[webkit-dev] Deprecating features guideline wiki

Maciej Stachowiak mjs at apple.com
Sun Apr 29 13:22:19 PDT 2012


On Apr 29, 2012, at 1:18 PM, Ryosuke Niwa <rniwa at webkit.org> wrote:

> On Sun, Apr 29, 2012 at 1:08 PM, Maciej Stachowiak <mjs at apple.com> wrote:
> On Apr 29, 2012, at 1:04 PM, Ryosuke Niwa <rniwa at webkit.org> wrote:
>> On Sun, Apr 29, 2012 at 12:37 PM, Maciej Stachowiak <mjs at apple.com> wrote:
>> 
>> On Apr 27, 2012, at 6:29 PM, Dirk Pranke <dpranke at chromium.org> wrote:
>>>> BTW, the page at <https://trac.webkit.org/wiki/DeprecatingFeatures> seems to be using "deprecate" in the sense of "remove entirely". Is that what is meant? If so, I think it would be helpful to change the wording to "removing features". In non-Web contexts, deprecate often means a step short of removal.
>>> I agree that "Removing features" is clearer and more to the point :).
>>> When to deprecate features in the sense of "we recommend you use this
>>> other feature instead" is an entirely different conversation.
>> 
>> Now that I look closer, I see that it says:
>> 
>> "Deprecating a feature means we will remove it in the future.
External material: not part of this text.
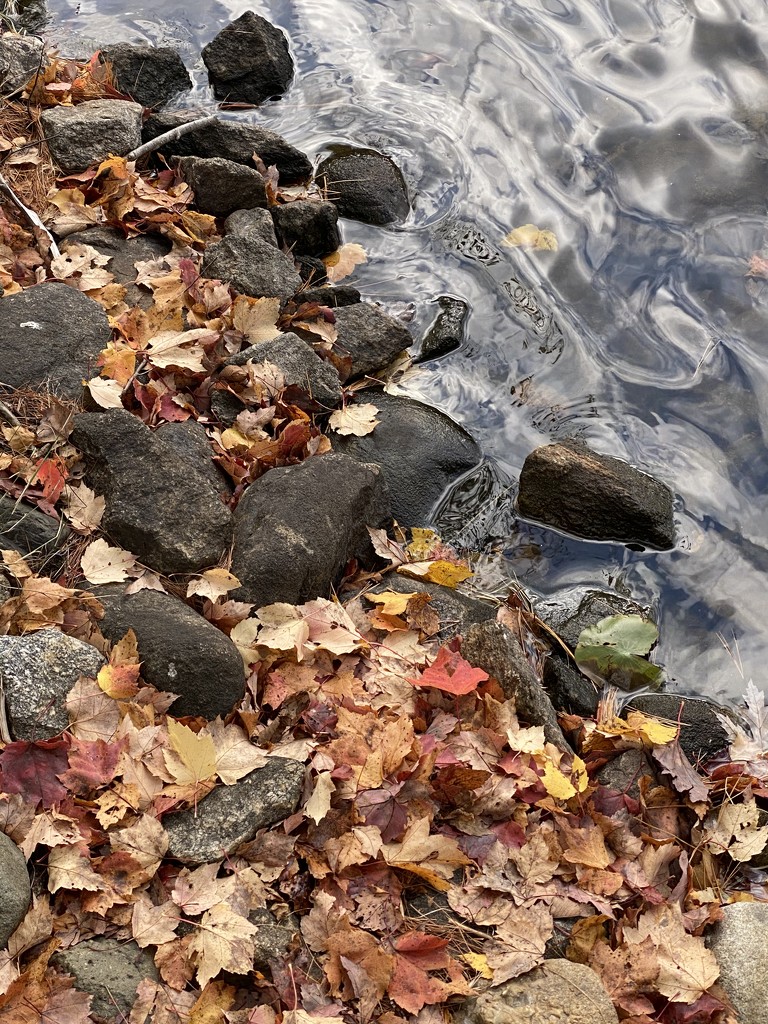 Leaves, rocks, water by clay88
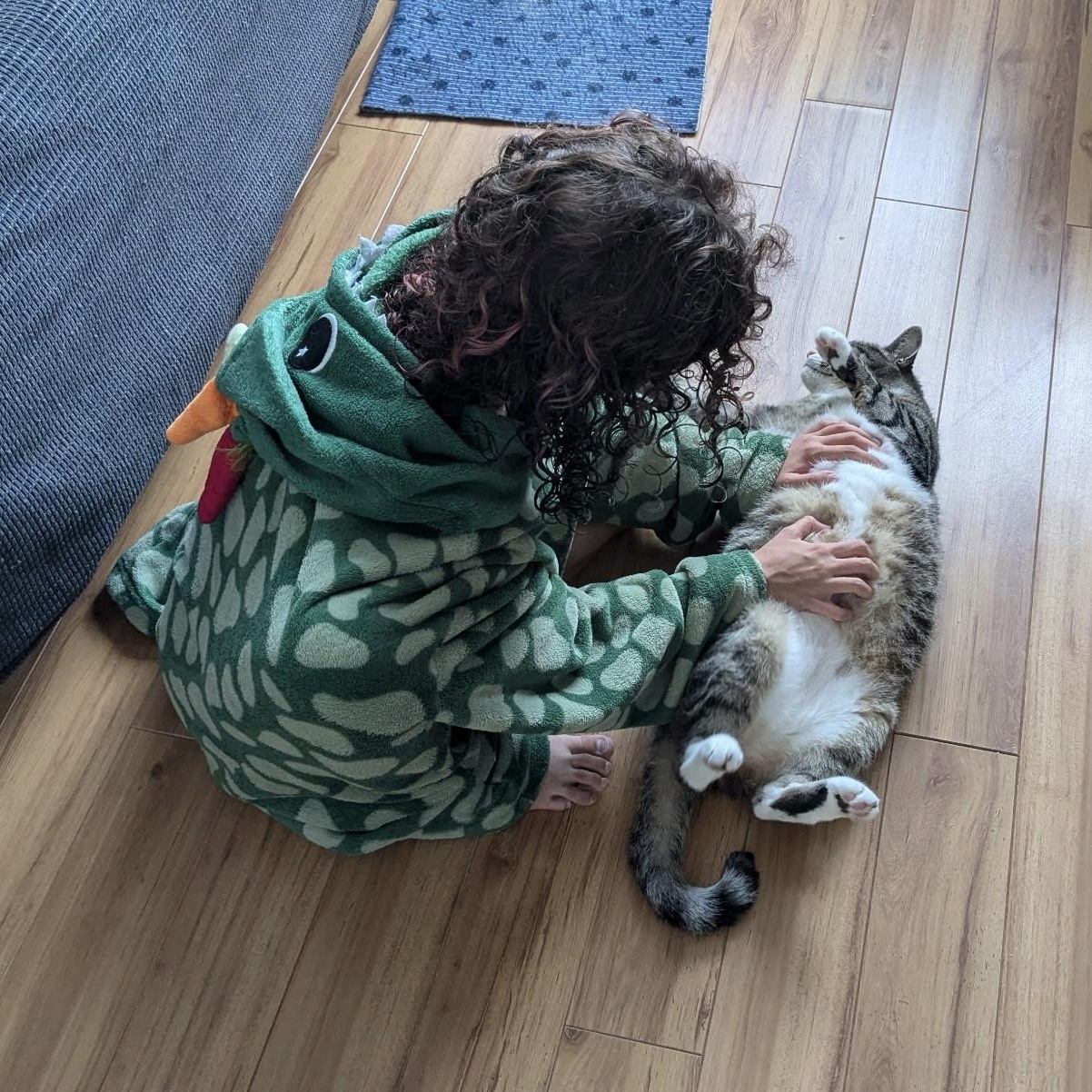 Pepper, an adopted Domestic Short Hair in Jersey City, NJ image 2/3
Deprecation is not meant as a usage metric collection or to assess web-developers' reactions."
>> 
>> This seems to imply that there actually is a step of deprecation that comes prior to removal. What exactly is this step? How are features supposed to be marked deprecated? What is the effect of being deprecated, if any, other than future removal? Does anyone who was at the session know the answer?
>> 
>> I'd assume this is something like outputting a warning in the console. (Disclaimer: I didn't attend this session.)
> 
> That sounds plausible, but I'm hoping to hear from someone who attended the session to say for sure. If "deprecate" means console warning, followed by removal later, then I'd suggest we go straight to removal.
> 
> Outputting console warnings prior to a feature removal appears to be a common practice (e.g. https://bugzilla.mozilla.org/show_bug.cgi?id=749920). I'm also afraid that not giving any advance notice for features that have some users like mutation events might be perceived badly by developers.
> 
> On the other hand, I'm certain we don't need to output console warnings if we're removing features nobody uses (e.g. support for khtml prefixes for recently added CSS properties).
> 
> So we probably can't (and shouldn't) make a unilateral policy here.

I agree that it's a good idea to give content authors due notice. But I don't think a console warning is a very good way to do it. I think most authors pay no attention to console spam. A blog post would probably reach more authors successfully than a console warning.